CO2-WAG (Water-Alternating-Gas) has been applied in offshore Brazilian oilfields to improve recovery rates and mitigate the environmental impact that venting produced CO2 would bring. Although CO2 is highly miscible in oil under these reservoirs conditions, this gas is also extremely mobile, and its speciation in the aqueous phase drives reactions with carbonates that can cause severe inorganic scaling problems in production systems. It is crucial, therefore, to effectively design CO2-WAG operations for mobility control and, consequently, enhance reservoir performance, CO2 utilization and flow assurance. This paper addresses the design optimization of coupled CO2-EOR and storage operations applied to the Brazilian Pre-salt offshore context (reservoir properties, infrastructure, regulatory framework and economic characteristics), examining the trade-offs of project profitability, CO2 utilization and calcite scale risk. Several compositional simulations of miscible WAG scenarios were performed and key design parameters were optimized using statistical sampling and evolutionary algorithms. Aqueous and mineral reactions were included in the calculations, allowing us to quantify the calcite mass that can potentially deposit in the perforations and production system. The results showed how optimizing WAG operations can significantly improve the economics and the scale management of oil production from carbonate reservoirs. The optimal WAG design greatly increased incremental NPV per volume of CO2 stored and reduced calcite scale risk by simply rearranging the WAG slugs in a tapered manner.
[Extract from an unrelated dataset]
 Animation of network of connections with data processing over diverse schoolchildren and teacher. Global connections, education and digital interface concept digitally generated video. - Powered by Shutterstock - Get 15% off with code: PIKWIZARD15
Here we demonstrate that this methodology can be used to determine how to recycle CO2 in a given field for better economics and lower carbon footprint, doing so without triggering calcite mineral deposition to the point of permanent jeopardy of production wells and facilities operability. Therefore, the workflow integrates critical challenges that are correlated, yet often addressed independently, supporting the complex decision-making of CO2-EOR operational design in carbonate reservoirs.